Last summer I went ahead and purchased a tablet, not for succumbing to a great need or want for some particular model, but more as a complementary device, more portable than my aging laptop (which was slowly converted into a desktop PC because the failing battery keeps it plugged in all the time) and more ‘productive’ than my smartphone (at 3.5in, the 4S model isn’t exactly comfortable for typing long posts). Above all I wanted a light device to type more easily and that I could carry with me while travelling and around the house. After the launch of Office for iPad, Apple’s tablet fitted some of my needs (if I had also purchased a matching keyboard) and for a while I seriously considered it. But the iPad is very limited on some fronts, like multitasking and connectivity. At comparable and lower prices, other tablets offer more features, notably USB ports, more built-in storage and the option of extending it with external cards. Since I don’t really like Android, the only viable option left was a Windows 8 tablet, of which there were relatively few models on sale. In the end I chose the Lenovo Miix 2 tablet.
While not the most exciting looking device, the Miix 2 fits most of my needs. It has a sturdy build even if plastic. My only dissatisfaction with the design are the large conspicuous Lenovo logos, the company somehow felt the need to slap two on the device, one on the back, the other above the display. The high-resolution display is crisp and a pleasure to look at, perfect for the vibrant UI colors of Windows 8. If (when) I get around to buying a new laptop, I’ll certainly prefer one with a hi-res touchscreen. The main body has a mini-USB and a mini HDMI connector, along with a slot for more memory. Unfortunately it doesn’t support SD cards (I already own two for my Canon camera), only Micro SD. There’s also two cameras in there, a 5MP back camera and a 2MP front camera for video calling, but until now I haven’t used any – tablet photography isn’t really my thing!
The tablet is sold with a keyboard dock that uses a magnetic hinge to attach to the main body in three configurations. When closed, the keyboard acts as a hard cover for the tablet. I’ve seen reviewers saying that the dock can easily detach from the body in this configuration and you could drop it on the floor, but in my experience it takes enough force to open the cover that I never felt it could happen by accident or by ‘holding it wrong’. Because of the fixed angle of the connector, the ‘laptop’ mode can be a little inflexible. It’s also challenging to work with the tablet in the lap because sudden movements can topple the screen and break the connection with the keyboard. This mode works best when the tablet is resting on a hard surface, even a small one, providing more stability. The tablet body can also be inserted backwards in the dock, so that it acts as a stand – a stable position useful for watching long videos or reading without having to support the screen by hand during that time.
The dock includes two more full-sized USB ports; with an external mouse, the tablet fully converts into a mini-laptop. USB connectors open up a lot of functionality that would be impossible on an iPad.
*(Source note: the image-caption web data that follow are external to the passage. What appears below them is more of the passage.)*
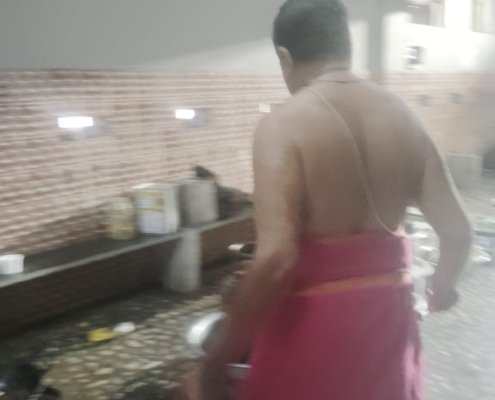 Sai Chellapa Iyer Catering (5)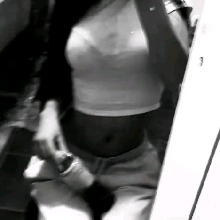 Guest_Reina20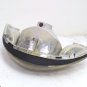 Tank Headlight Head Light Lens 2006 Urban 50 Chinese Scooter Moped TK50 QT-5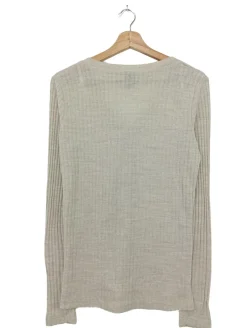 Cardigan                            Größe                38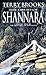 The Druid of Shannara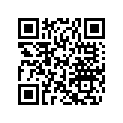 219900668 Decalque Tablea*decal-dash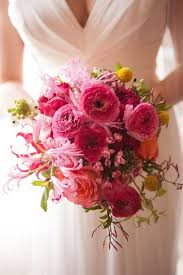 The first two i called said that they could not, that they. Wedding Flowers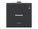 Panasonic PT-FRZ50BU Image 4 from Top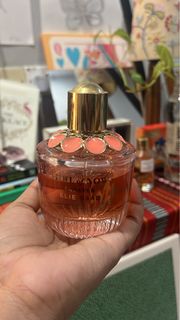 (Category: ) located in . Submitted by izzahnadiah (Listing ID 1380295698, Image 1). Description: .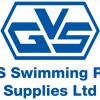 GVS Swimming Pools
People can easily transfer files from external drives, anything from documents to work on, books and magazines to read, photos to show when visiting relatives, movies to watch on long journeys. Some of that can be done via the cloud as well, but the larger the files, the more practical external drives become. I discovered an unexpected use case myself: I took a couple dozen pictures with my DSLR camera in a bar and wanted to send them quickly to a friend. Since it was already late in the evening, I did that without starting up the laptop by simply connecting the camera to the tablet via USB. I then copied the JPEG files to a shared folder on OneDrive and waited for them to upload – done! It makes a Windows tablet a perfect laptop replacement for travelling photographers that want to back-up their work on the road.
One thing I don’t really like about the keyboard is the touch pad, I rarely use it on the laptop and it feels even more redundant on a touchscreen device. I haven’t found a way to disable it while typing (other than attaching a mouse). It’s very annoying to type and to suddenly notice the cursor jumped to another section because you accidentally touched the pad! My current work-around is to move the cursor to a corner, outside of the typing area, away from any buttons, where it can do the least harm. Another minor annoyance is the UK layout of the physical keys; I’m much more accustomed with the US layout, but the differences are not major, only a couple of special symbols.
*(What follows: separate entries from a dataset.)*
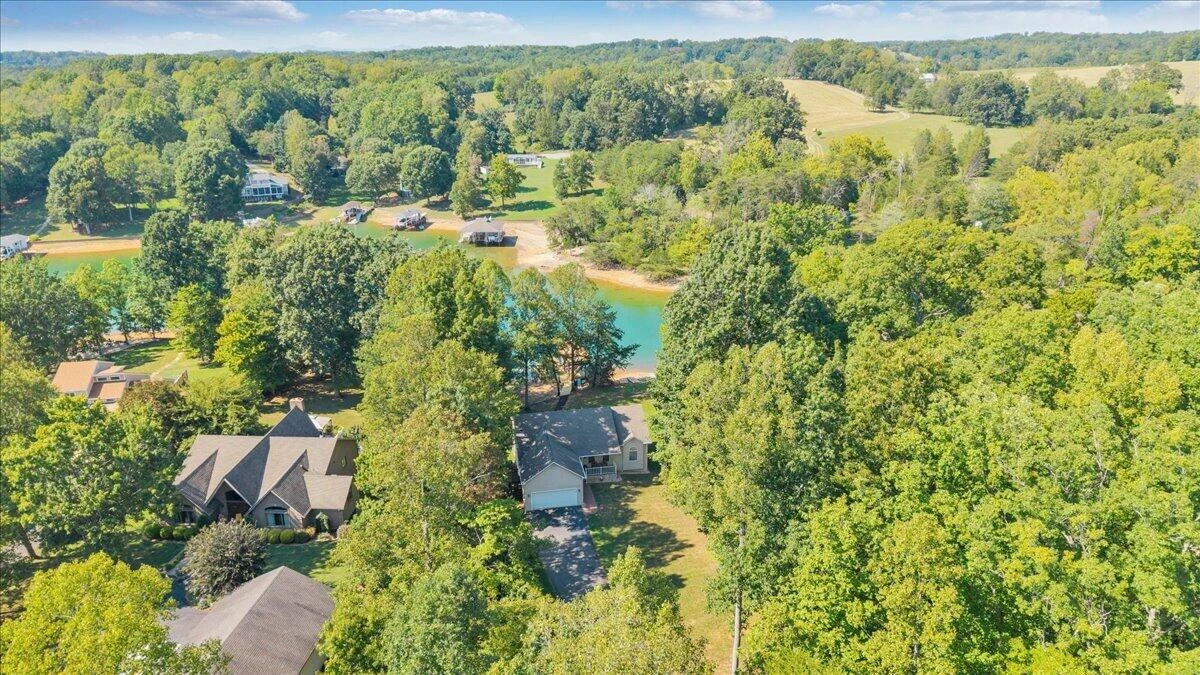 1811 Cutlass RD - Photo 83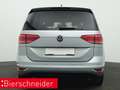 Volkswagen Touran 1.5 TSI DSG Highline AHK LED DIG.COCKPIT Silber - thumbnail 5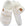 //sellersync1.com/cdn/shop/files/71Xi0bdCxlL._AC_SL1500.jpg?v=1754428505&width=25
If there’s one thing Windows 8 is famous about, it’s the amount of hate from unpleased users. I can sympathize to some degree, I used the original version a couple of days at work and some things were completely unintuitive. My best example is how there was no obvious way to access other apps from the Start Screen if they weren’t pinned there – you had to right-click and select ‘show all apps’ or something similar. Things have improved considerably since; this tablet ships with Windows 8.1 preinstalled. Suffice to say I had no trouble adapting to the Metro environment. Maybe what made the difference is that I keep up-to-date with technology and an open mind about software. The fact is, after more than six months, I still love the overall design, the vivid colors, the animations and gestures. It’s easy to multitask with split-screen – it makes for a great way to read Twitter links with the app reduced to a column on one side and the browser on the other. I’ve also found the perfect hi-res images as desktop and lock-screen backgrounds: a set of wallpapers with architectural theme from ilikearchitecture.net! They look gorgeous on this display and match up very well with the saturated colors and sharp lines of the OS.
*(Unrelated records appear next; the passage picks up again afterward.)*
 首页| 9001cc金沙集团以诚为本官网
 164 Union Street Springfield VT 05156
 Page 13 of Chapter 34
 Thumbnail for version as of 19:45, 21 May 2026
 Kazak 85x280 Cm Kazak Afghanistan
Speaking of gestures, I feel some things are still missing and could use improvement. After getting used to the iOS swipe gesture for navigation, having to tap the actual ‘Back’ button every time is annoying. App-switching on the other hand is more fluid in touch-Windows than iOS, but I think going back is a more common action and should be prioritized as the swipe-from-left gesture – at least optionally. Windows really needs a notification center as well, but it will only arrive in Windows 10…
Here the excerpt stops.